Imaginons un monde sans frontières, où les gens auraient le droit de circuler librement d’un pays à un autre, de s’établir, de vivre et de travailler où ils le désirent. Aujourd’hui, alors que les États contrôlent strictement leurs frontières, cela a l’air d’une utopie. Mais pourquoi l’idée de migrations sans frontières ne mériterait-elle pas d’être envisagée ? N’est-il pas naturel de laisser les gens décider de l’endroit où ils veulent vivre ? N’est-il pas naturel de donner aux gens des droits égaux de se déplacer plus librement dans un monde qui se globalise ?

Aux termes de l’article 13-2 de la Déclaration universelle des droits de l’homme, « toute personne a le droit de quitter tout pays, y compris le sien, et de revenir dans son pays », mais le droit de partir n’est pas complété par un droit d’entrer dans un pays ; il est possible d’émigrer mais pas d’immigrer. Du point de vue des droits de l’homme, nous sommes face à une situation incomplète qui fait que beaucoup de gens sont privés de leur droit d’émigrer par l’absence de possibilités d’immigrer. Il convient donc d’envisager un droit à la mobilité : dans un monde de flux, la mobilité est une ressource à laquelle chacun devrait avoir accès. 
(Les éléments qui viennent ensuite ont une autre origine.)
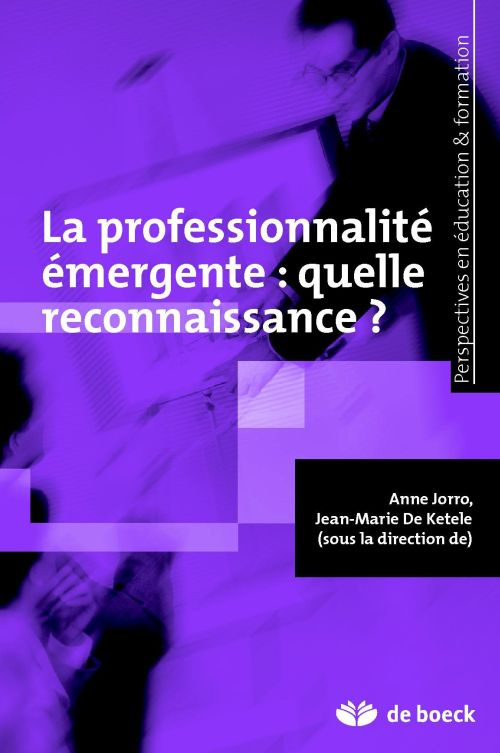 La professionnalité émergente : quelle reconnaissance ?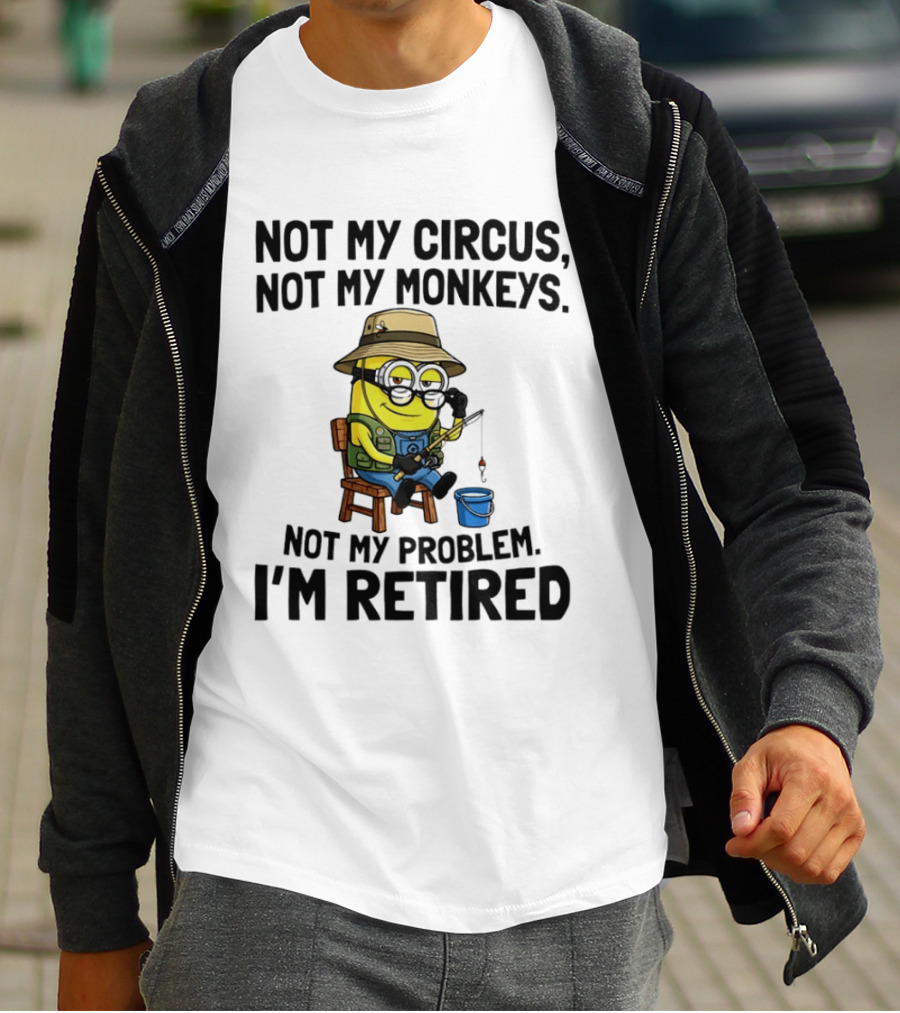 Not My Circus Not My Monkeys Not My Problem I'm Retired Minion Fishing T-Shirt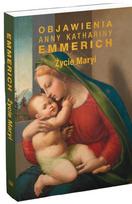 The Life of Mary: The Revelations of Anna Katharina Emmerich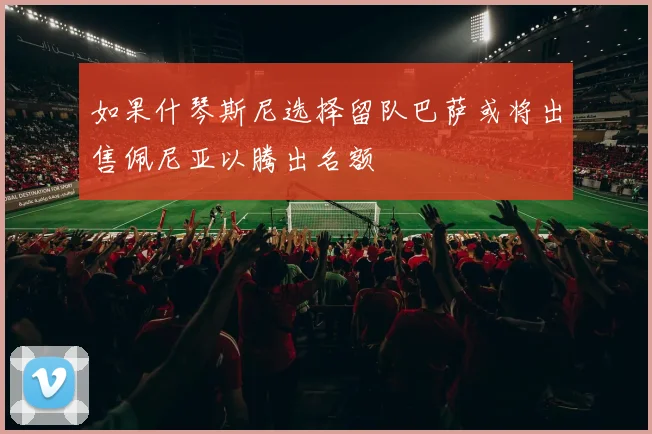 如果什琴斯尼选择留队巴萨或将出售佩尼亚以腾出名额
Il est désormais évident que les migrations sont un élément essentiel de l’économie mondiale. Les pays d’origine bénéficient de plus en plus des transferts de fonds et du retour de migrants qualifiés, les pays de destination bénéficient d’un rajeunissement de leur main-d’œuvre et les migrants eux-mêmes bénéficient de nouvelles perspectives en s’installant dans un autre pays. Les migrations redistribuent les richesses au niveau mondial et jouent un rôle central dans le développement et dans la réduction de la pauvreté. De plus, dans le contexte de l’actuel processus de mondialisation, qui favorise une circulation de plus en plus libre des marchandises, des informations et des capitaux, il convient d’envisager d’inclure également la libre circulation des êtres humains. 
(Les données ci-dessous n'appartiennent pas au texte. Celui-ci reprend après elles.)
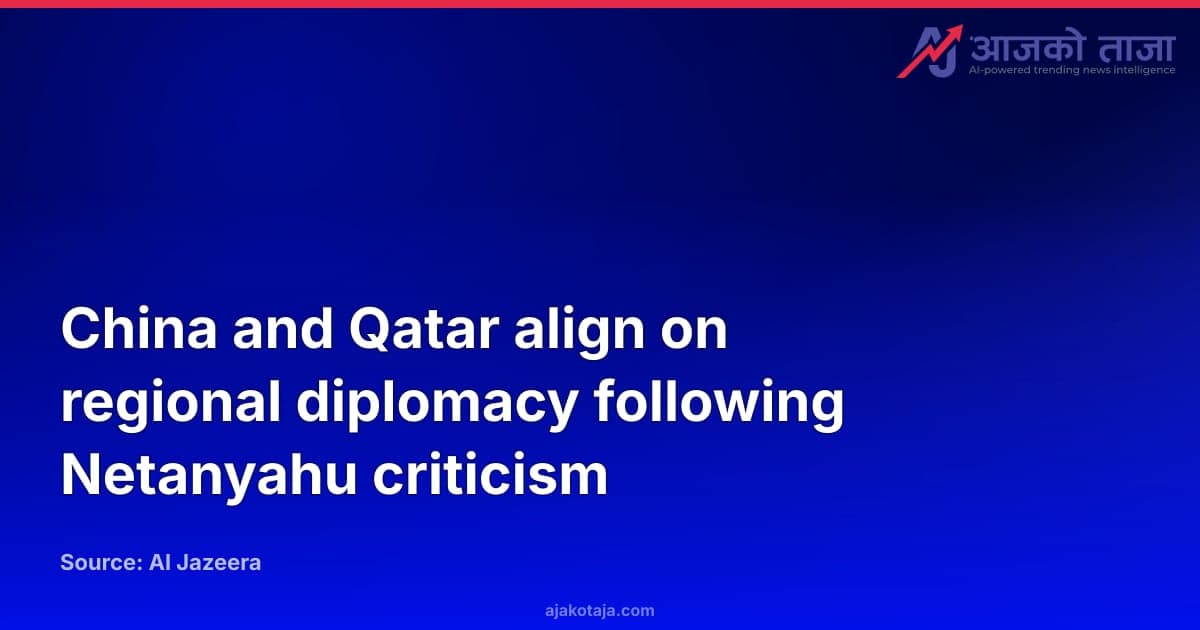 China and Qatar align on regional diplomacy following Netanyahu criticism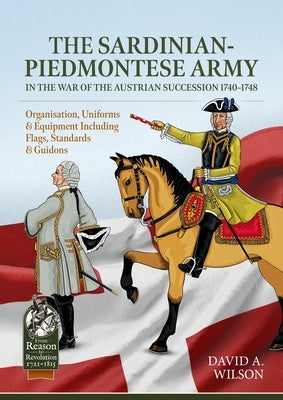 The Sardinian-Piedmontese Army in the War of the Austrian Succession 1740-1748: Organisation, Uniforms & Equipment Including Flags, Standards & Guidon by Wilson, David Alan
Les migrations internationales constituent un des enjeux moraux et politiques majeurs de notre temps. Dans le monde entier, les individus revendiquent le droit de migrer en tentant de franchir clandestinement les frontières. Cela génère des coûts humains qu’on ne saurait ignorer, de la mort des migrants sans papiers au trafic d’êtres humains et à la vulnérabilité sociale de ceux qui vivent clandestinement dans les pays de destination. Il en résulte aussi une surveillance policière accrue des frontières, des murs et des clôtures de plus en plus hauts et des procédures restrictives draconiennes qui affectent les voyages, les études à l’étranger et même le tourisme. 
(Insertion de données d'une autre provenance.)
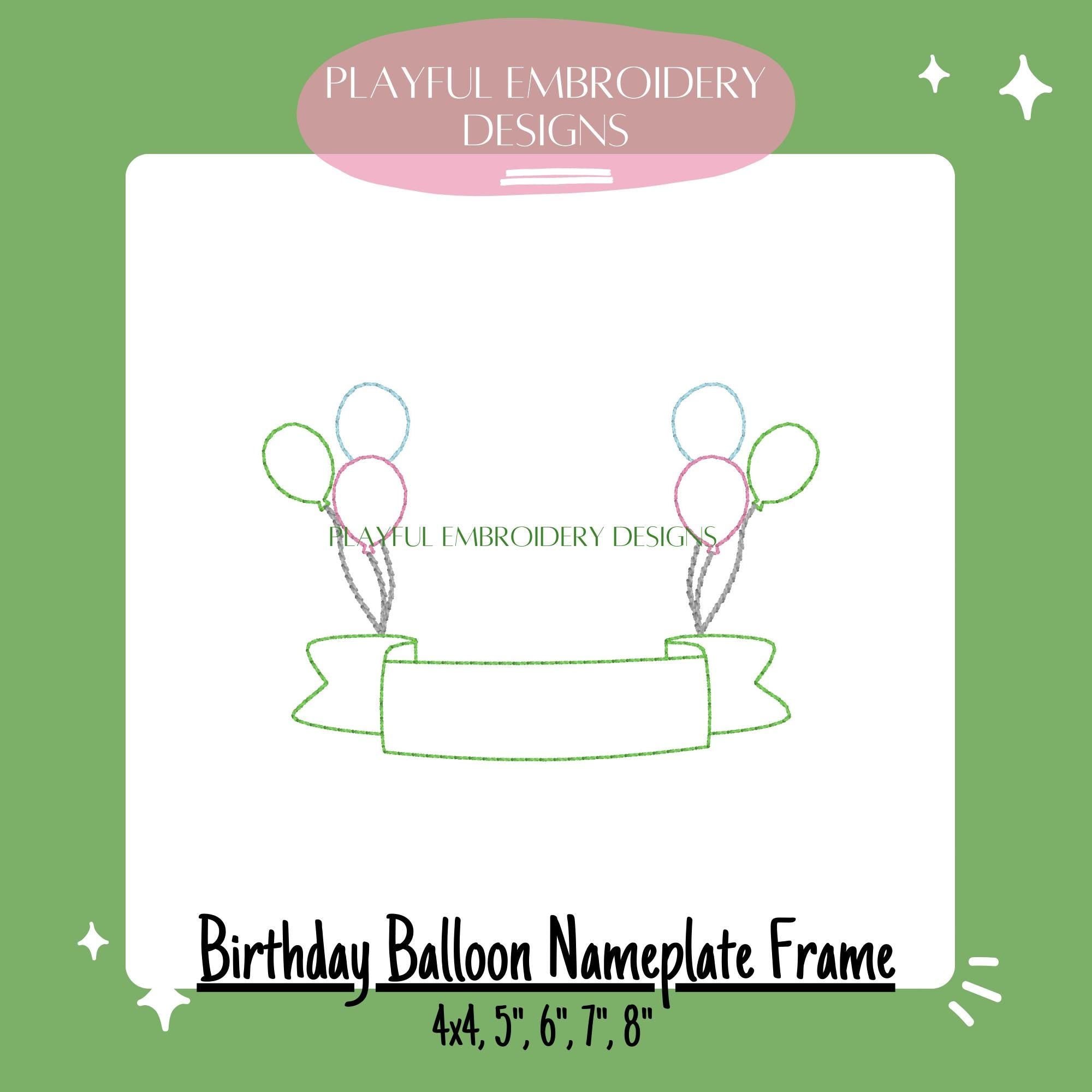 Birthday Balloon Nameplate Frame Machine Embroidery Design, Embroidery Design, Celebration Embroidery Design, Quick Stitch Embroidery Design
Rappelons aussi qu’il y a eu, dans l’histoire mondiale, de longues périodes durant lesquelles ceux qui voulaient migrer le pouvaient et que cela n’a pas conduit au chaos. Les gens étaient souvent encouragés à migrer et les migrations ont été un facteur décisif du développement de nombreux pays. À quoi le monde ressemblerait-il aujourd’hui si, dans le passé, les gens avaient été empêchés de circuler, s’il n’y avait pas eu de migrations ? Rappelons aussi que l’idée de lever toutes les restrictions à la circulation de ses citoyens est une des politiques à la base de la création d’une des plus grandes structures régionales du monde — l’Union européenne — et que d’autres organisations supranationales envisagent actuellement de faire de la libre circulation un des éléments de leurs futurs accords de coopération. 

Bien entendu, les migrations ont aussi bien pour les sociétés d’origine que pour les sociétés de destination de profondes implications qu’il faut envisager avec beaucoup de soin. Il nous faut concevoir des transformations sociales novatrices pour rendre les mouvements de migrants compatibles avec les États providence, les droits de citoyenneté et les institutions démocratiques. Trop souvent, les migrants sont accusés de menacer la cohésion sociale ; pourtant, au lieu d’essayer vainement d’arrêter les migrations, les politiques devraient rendre compatibles le droit des individus à la mobilité et le besoin de solidarité des sociétés. Ainsi, la liberté de migrer ne mettrait pas en péril les sociétés de destination mais favoriserait les contacts interculturels, conduisant à des sociétés fondées sur l’ouverture et la tolérance. 

Cet ouvrage apporte une bouffée d’air frais dans les débats de notre époque. N’est-il pas temps d’écouter les experts sollicités par l’UNESCO et de repenser notre approche des migrations ? L’imagination, associée à la raison, peut faire de l’utopie d’aujourd’hui les options de demain.